Rôle du fer héminique provenant de la viande rouge et des viandes transformées dans la pathogenèse du cancer colorectal

Une revue bibliographique résume le mécanisme impliqué dans la relation entre la carcinogenèse colorectale et le fer héminique contenu dans la viande rouge et la viande transformée. Après avoir rappelé les études montrant une association entre la consommation de viande rouge (et produits dérivés) et l’augmentation du risque de cancer colorectal, ainsi que les conclusions du CIRC/OMS, les auteurs reprennent les études publiées (87 sur 114 identifiées) sur les mécanismes probables impliqués dans cette relation.

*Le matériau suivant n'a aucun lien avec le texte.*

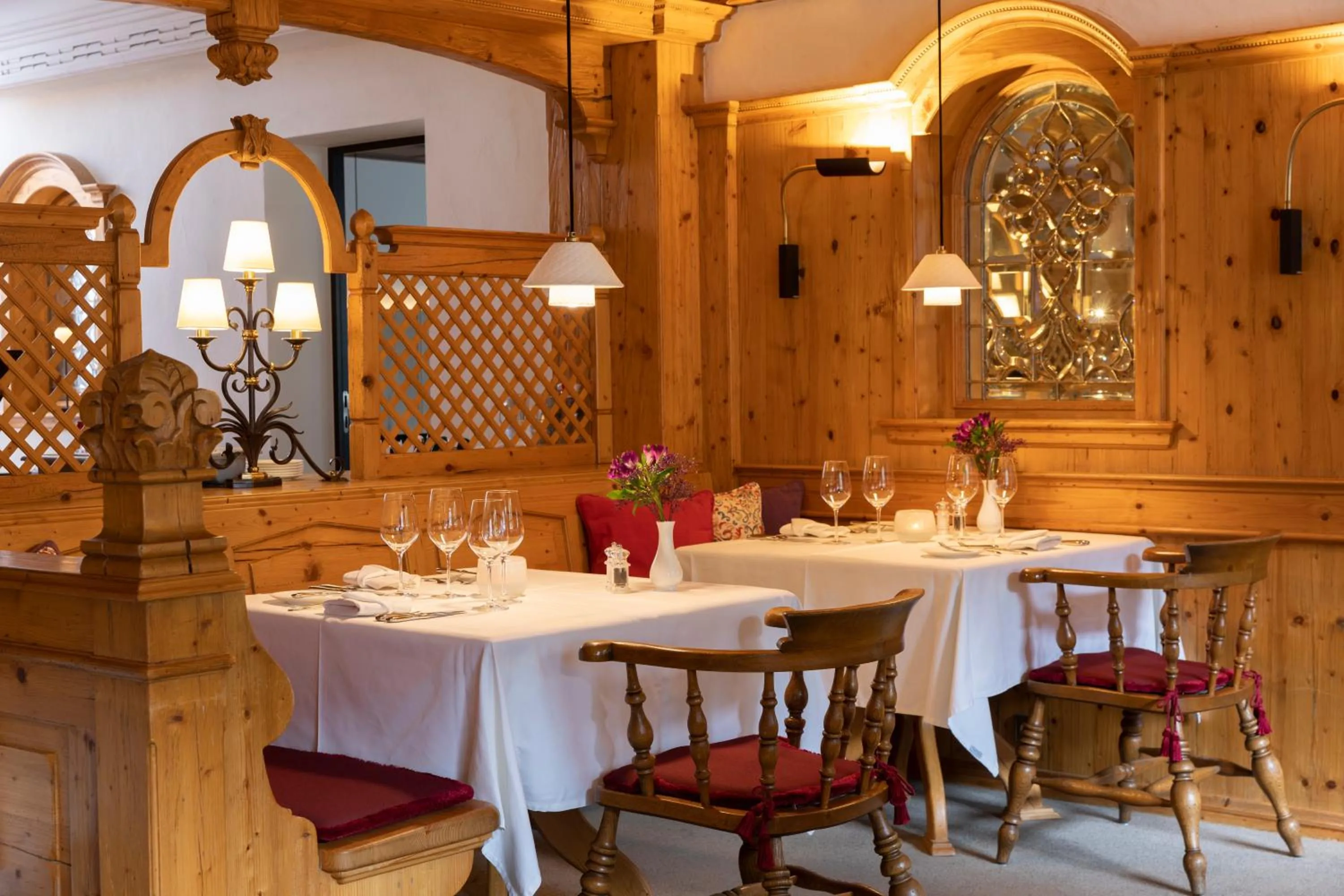 Restaurant/places to eat in Wellness & Genuss Resort - Engel Obertal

Fer héminique et cancérogenèse

Ils indiquent que le fer hémique des viandes rouges et de ses produits dérivés, ainsi que ses métabolites, lorsqu’ils sont consommés en excès, semblent influencer plusieurs étapes de la cancérogenèse : l’initiation, la différenciation et la progression, via un grand nombre de mécanismes possibles.

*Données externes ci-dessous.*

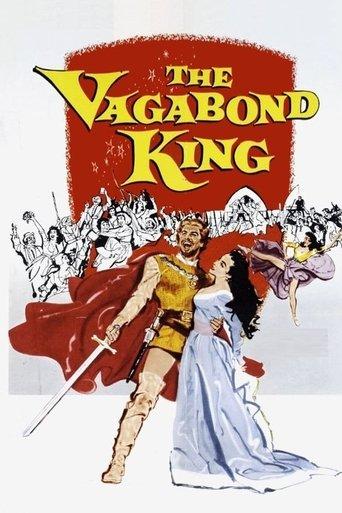The Vagabond King film afişi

  • Le fer héminique induirait une cytotoxicité via un « facteur hème cytotoxique » et favorise l’apoptose des cellules épithéliales de surface et l’hyperplasie épithéliale compensatoire.
  • Il induirait également la peroxydation des lipides, conduisant à la formation de radicaux libres et à la génération d’adduits d’ADN dans les cellules épithéliales colorectales.
  • L’hème catalyse la formation des composés N-nitrosés, qui entraîne à son tour l’initiation de la carcinogenèse colorectale.
  • De nouvelles données suggèrent aussi que la dysbiose intestinale, récemment associée à un plus grand risque de cancer colorectal pourrait être favorisée par le fer héminique et conduire à une inflammation chronique et probablement au développement du cancer colorectal.
  • L’hème induirait de multiples altérations génétiques en régulant la voie de signalisation WNT et en provoquant des mutations dans les principaux gènes du cancer du côlon tels que l’APC, le TP53 et le KRAS.

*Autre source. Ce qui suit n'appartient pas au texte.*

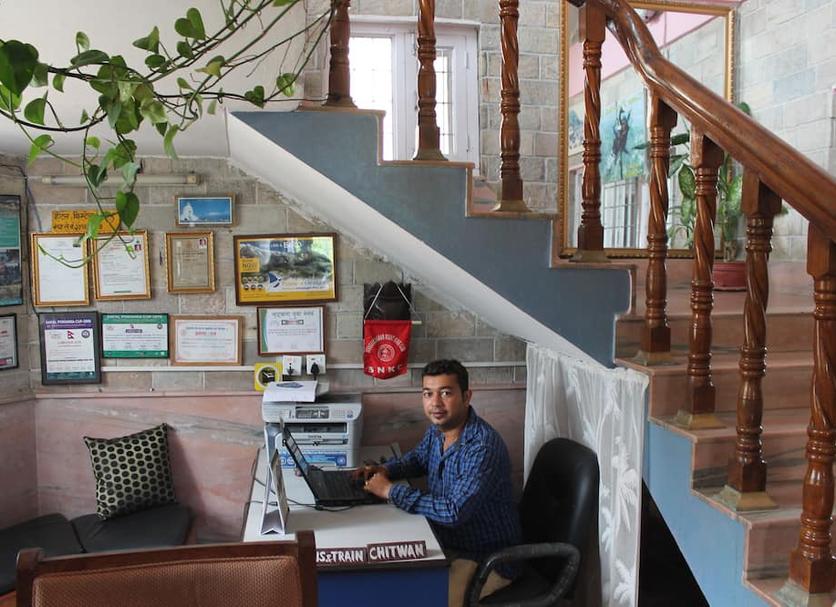 Recepció Foto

Toutefois, plusieurs études suggèrent qu’une alimentation équilibrée contenant des légumes verts, de l’huile d’olive, des antioxydants et du calcium pourrait réduire les effets cancérigènes du fer héminique.

Des études biaisées

Quelques études soulignent également que les conclusions des études sur l’implication du fer héminique dans la cancérogénèse colorectale sont biaisée par le fait que ces études utilisent des régimes expérimentaux contenant de plus grandes quantités de viandes rouges et produits dérivés que ce qui est habituellement consommé dans l’alimentation humaine, et que ces régimes expérimentaux sont déficients en composés protecteurs, habituellement présents dans l’alimentation humaine.

Une autre controverse concerne le porc et le poulet, dont le contenu en fer héminique est quasi similaire (0.39mg/100g et 0.28 mg/100g, respectivement), alors que l’impact sur le risque de cancer colorectal est différent. Ceci pourrait suggérer que le fer héminique n’est pas le seul responsable dans l’association entre la consommation de viande et le risque de cancer colorectal. De plus, la protéine de surface cellulaire, et agent cancérigène, le Neu5Gc est présent en abondance dans le porc et le bœuf tandis qu’il est quasi-absent de la volaille.

D’autres composants en cause ?

En conclusion, le fer héminique pourrait agir via divers mécanismes d’action, mais il semble qu’il ne soit pas le seul composé impliqué dans l’association entre la consommation de viande rouge et le cancer colorectal. Des études sont encore nécessaires pour connaitre l’implication des autres molécules que le fer héminique, présentes dans la viande rouge et ses produits dérivés sur la cancérogenèse colorectale.

Référence : Gamage SMK, Dissabandara L, Lam AK, Gopalan V. The role of heme iron molecules derived from red and processed meat in the pathogenesis of colorectal carcinoma. Crit Rev Oncol Hematol. 2018 Jun;126:121-128. doi: 10.1016/j.critrevonc.2018.03.025.